I have been fortunate in that during nearly 30 years of woodworking I have not had a significant accident in my workshop. About the worst thing that has happened to me did not really involve a power tool. While cutting a somewhat long board with my miter saw, the heavy cut off fell to the floor with a heavy, sharp corner coming to rest on top of my bare foot. The pain was surprising; I wondered if I had fractured something. Not a major injury, but a stupid one for sure. The saw was not at fault, I simply had never taken the time to build a proper miter station which would support a board like this. Lessons learned: improve my miter saw station and don’t do woodworking barefooted (a new miter saw station will be an upcoming project of mine).

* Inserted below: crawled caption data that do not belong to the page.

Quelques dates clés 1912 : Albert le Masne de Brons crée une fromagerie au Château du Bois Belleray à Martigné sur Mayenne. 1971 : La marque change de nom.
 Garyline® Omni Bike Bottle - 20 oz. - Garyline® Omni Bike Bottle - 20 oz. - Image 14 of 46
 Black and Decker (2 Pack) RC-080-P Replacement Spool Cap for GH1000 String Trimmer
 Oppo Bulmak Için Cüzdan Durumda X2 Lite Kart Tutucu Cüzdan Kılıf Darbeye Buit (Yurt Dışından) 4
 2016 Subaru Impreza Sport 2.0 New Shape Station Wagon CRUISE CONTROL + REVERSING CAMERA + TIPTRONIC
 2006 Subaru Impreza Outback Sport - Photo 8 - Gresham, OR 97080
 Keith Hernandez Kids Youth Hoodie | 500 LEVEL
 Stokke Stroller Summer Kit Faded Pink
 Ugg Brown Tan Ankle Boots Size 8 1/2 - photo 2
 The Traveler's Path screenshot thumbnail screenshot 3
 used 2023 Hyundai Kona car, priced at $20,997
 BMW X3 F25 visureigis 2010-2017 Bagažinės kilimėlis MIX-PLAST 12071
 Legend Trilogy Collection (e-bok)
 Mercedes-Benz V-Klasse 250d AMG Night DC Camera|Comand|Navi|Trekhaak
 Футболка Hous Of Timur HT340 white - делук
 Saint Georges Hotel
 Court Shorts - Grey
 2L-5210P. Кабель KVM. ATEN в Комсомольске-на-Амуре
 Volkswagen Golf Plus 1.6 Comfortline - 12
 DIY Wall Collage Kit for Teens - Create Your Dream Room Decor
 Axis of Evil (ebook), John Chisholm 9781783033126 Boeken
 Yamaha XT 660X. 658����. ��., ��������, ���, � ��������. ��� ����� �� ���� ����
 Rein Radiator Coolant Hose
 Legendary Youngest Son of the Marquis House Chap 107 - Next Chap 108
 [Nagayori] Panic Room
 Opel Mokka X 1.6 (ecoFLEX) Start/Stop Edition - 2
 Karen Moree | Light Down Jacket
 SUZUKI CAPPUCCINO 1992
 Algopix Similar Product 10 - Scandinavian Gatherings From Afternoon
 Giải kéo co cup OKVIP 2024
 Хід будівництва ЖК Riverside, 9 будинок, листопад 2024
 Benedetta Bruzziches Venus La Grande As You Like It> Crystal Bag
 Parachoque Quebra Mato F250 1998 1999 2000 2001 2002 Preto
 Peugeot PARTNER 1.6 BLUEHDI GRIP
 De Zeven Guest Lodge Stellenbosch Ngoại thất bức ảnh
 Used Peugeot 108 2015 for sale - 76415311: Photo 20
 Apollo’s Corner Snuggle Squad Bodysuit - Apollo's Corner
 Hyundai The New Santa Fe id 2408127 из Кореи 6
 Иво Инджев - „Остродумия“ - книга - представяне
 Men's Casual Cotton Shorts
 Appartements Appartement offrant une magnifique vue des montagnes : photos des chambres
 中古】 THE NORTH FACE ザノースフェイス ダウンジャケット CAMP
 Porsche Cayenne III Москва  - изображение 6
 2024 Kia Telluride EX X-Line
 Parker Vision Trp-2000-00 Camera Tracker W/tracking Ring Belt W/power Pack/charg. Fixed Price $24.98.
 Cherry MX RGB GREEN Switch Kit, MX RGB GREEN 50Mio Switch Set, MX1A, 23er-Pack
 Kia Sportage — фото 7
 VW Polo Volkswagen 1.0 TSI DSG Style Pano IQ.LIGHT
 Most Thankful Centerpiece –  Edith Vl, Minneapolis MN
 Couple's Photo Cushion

The most serious accident that has happened in my shop actually involved my father. He had stopped by the house to cut some boards and while doing some ripping, a thin cut off dropped into the throat of the table saw (see the photo above). With the saw still in operation, my Dad decided to remove the cut off. I could see this event unfolding from the driveway but the sound of the saw was greater than my screaming mouth, and the accident happened. The cut off made contact with the spinning blade and kicked back driving a nice sized splinter through two of his fingers. He could not pull them apart because the splinter was so long. But, after a trip to the doctor and some antibiotics, he made a full recovery.
Since that time, I have begun using a zero clearance insert with my table saw which eliminates this kind of problem (I should also find some kind of acceptable blade guard for my saw - mine came down almost immediately after getting my table saw.)
The point though is to avoid becoming complacent in the shop. The more woodworking you do, the odds are greater that an accident will happen, unless you work smart and respect the damage your tools can do.